Chapter 20 Summary
In July, Humbert and Charlotte often go to the local lake to swim and sunbathe. On one such outing, Charlotte comments that she is fed up with her daughter’s bad behavior. She has decided to send the child straight from camp to boarding school.
Horrified, Humbert flees to the woods to think. He wishes that Charlotte were more like his first wife, who was easy to control. But Charlotte is stubborn, principled, and annoyingly good at seeing through certain forms of insincerity. He is sure that he would arouse her suspicions immediately if he asked her to bring Lolita back home. He knows Charlotte well enough by now to understand that she would divorce him immediately if she glimpsed the truth about his pedophilic feelings.
Sitting on a picnic table, watching a couple of little nymphets climb onto a bicycle together, Humbert wonders how to get his hands on Lolita. He feels that “the natural solution” is to murder Charlotte, but he is not sure how to do it. As the two pretty little girls ride away, he muses about historic murders he has read about in books. He has a few ideas about how to commit such a crime, but he is not sure if he is capable of doing it and getting away with it.
When Humbert returns to Charlotte, she suggests a swim, and he follows her into the deep water. This, he thinks, is a perfect opportunity to get rid of her. The only people in sight are two men who are building something on the opposite shore. They are near enough to hear Humbert if he calls out for help with his drowning wife but far enough away that they will fail to see that he is purposely drowning her. He imagines grabbing her and holding her underwater until he is sure she is dead. It sounds easy, but he cannot do it. He reflects, somewhat sadly, that pedophiles are not bloodthirsty people.

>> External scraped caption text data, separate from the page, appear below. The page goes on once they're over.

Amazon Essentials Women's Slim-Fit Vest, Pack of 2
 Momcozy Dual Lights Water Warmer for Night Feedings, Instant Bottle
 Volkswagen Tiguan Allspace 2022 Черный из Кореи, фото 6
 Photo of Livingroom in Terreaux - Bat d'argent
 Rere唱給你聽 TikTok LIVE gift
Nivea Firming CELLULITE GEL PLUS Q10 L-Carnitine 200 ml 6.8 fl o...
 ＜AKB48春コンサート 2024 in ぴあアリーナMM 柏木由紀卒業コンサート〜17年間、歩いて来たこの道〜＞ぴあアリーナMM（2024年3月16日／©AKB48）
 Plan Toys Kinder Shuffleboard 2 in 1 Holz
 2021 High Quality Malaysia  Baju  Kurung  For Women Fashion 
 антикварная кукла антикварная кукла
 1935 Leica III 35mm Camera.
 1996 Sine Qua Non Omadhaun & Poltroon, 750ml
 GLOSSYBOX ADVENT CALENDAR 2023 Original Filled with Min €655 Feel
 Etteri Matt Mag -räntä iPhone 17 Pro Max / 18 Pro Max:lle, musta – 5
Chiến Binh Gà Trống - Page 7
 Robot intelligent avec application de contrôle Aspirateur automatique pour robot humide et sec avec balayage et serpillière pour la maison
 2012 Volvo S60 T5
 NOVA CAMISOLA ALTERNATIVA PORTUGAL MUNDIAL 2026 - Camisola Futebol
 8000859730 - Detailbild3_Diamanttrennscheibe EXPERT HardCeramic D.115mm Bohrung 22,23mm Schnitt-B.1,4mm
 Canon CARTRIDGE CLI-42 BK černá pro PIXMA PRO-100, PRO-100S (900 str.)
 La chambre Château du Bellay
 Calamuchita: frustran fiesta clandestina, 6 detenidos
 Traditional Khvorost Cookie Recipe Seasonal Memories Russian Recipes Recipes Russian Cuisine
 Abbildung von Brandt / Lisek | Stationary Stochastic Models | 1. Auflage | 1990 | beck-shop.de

When Humbert and Charlotte return to shore, he learns that his plan for a perfect murder was not as perfect as he thought. As they sit on the beach, they are joined by a friend, Jean Farlow. Jean is an artist who often tromps through the woods to look for scenes to paint, and she says that she has been watching them swim. When she comments that Humbert was wearing his watch in the water, he realizes that she had a very good view. If he had tried to drown Charlotte, Jean would have seen everything.